Data below:
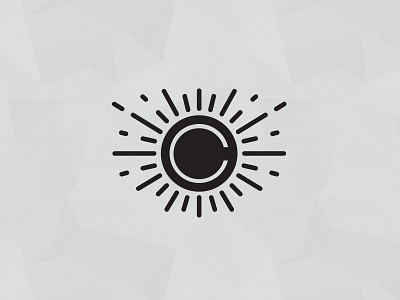 Simple Logo and Business Card black business business cards c card clean design glow pattern photoshop sun white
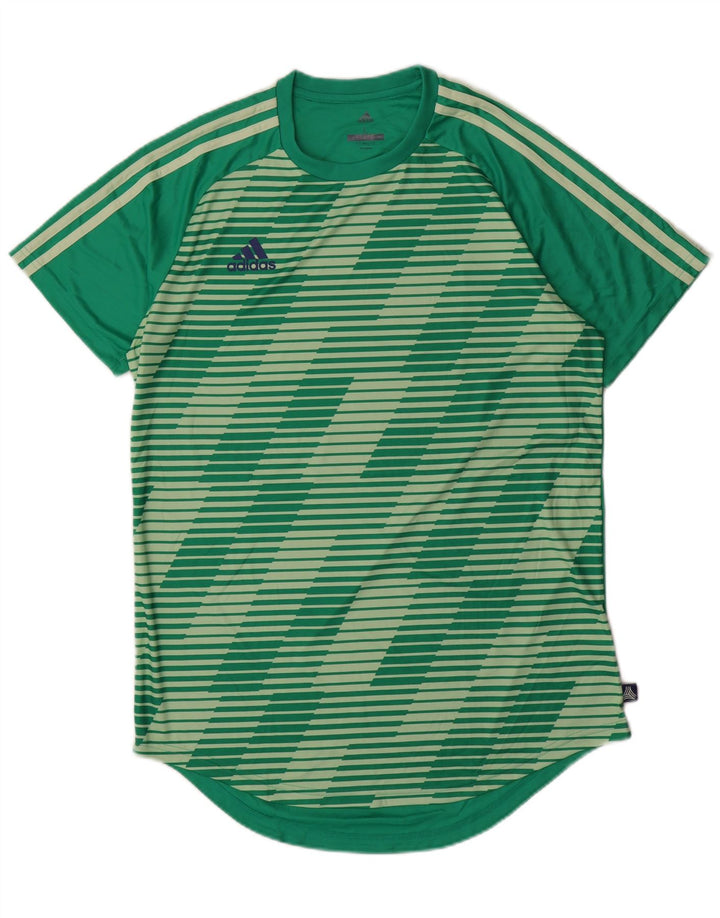 ADIDAS muška majica Climalite Top od poliestera velikih zelenih pruga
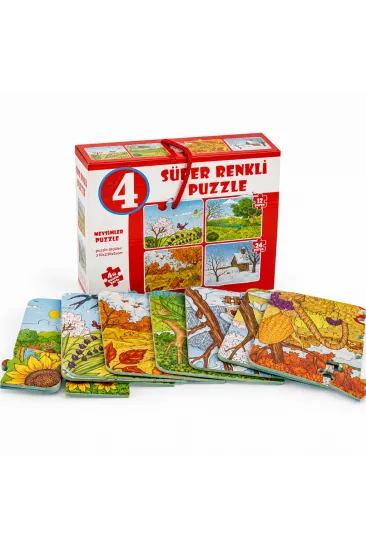 2488 MEVSİMLER SÜPER RENKLİ PUZZLE 4LÜ 2488 MEVSİMLER SÜPER RENKLİ PUZZLE 4LÜ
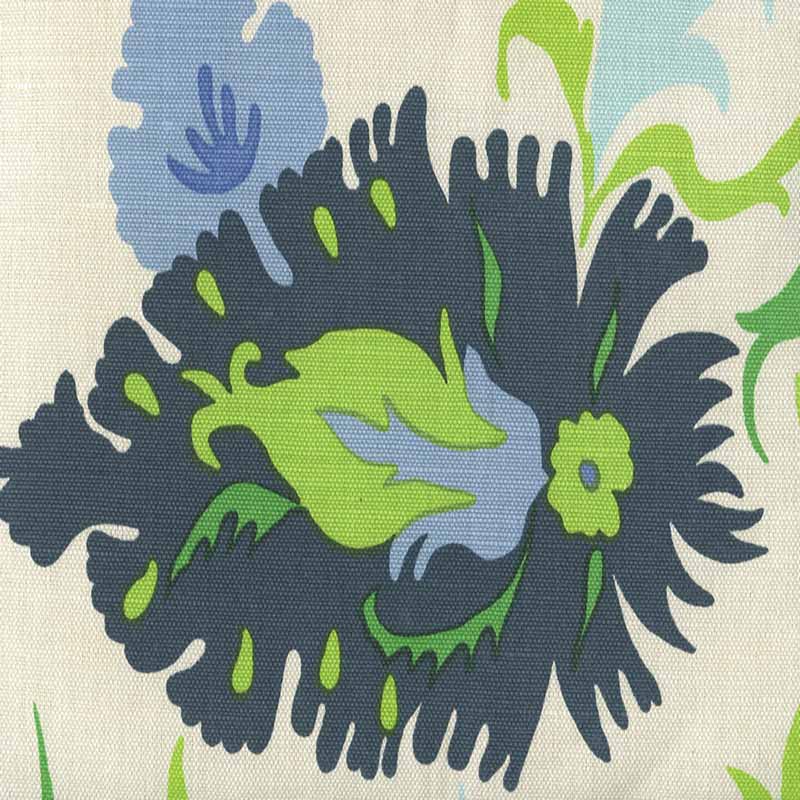 Quadrille Uzbek Multi Blues Green Royal Wallpaper 40 Off Samples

Exercise: Without including any pictures, print all of the material exactly as given.

Your response:
 Simple Logo and Business Card black business business cards c card clean design glow pattern photoshop sun white
 ADIDAS muška majica Climalite Top od poliestera velikih zelenih pruga
 2488 MEVSİMLER SÜPER RENKLİ PUZZLE 4LÜ 2488 MEVSİMLER SÜPER RENKLİ PUZZLE 4LÜ
 Quadrille Uzbek Multi Blues Green Royal Wallpaper 40 Off Samples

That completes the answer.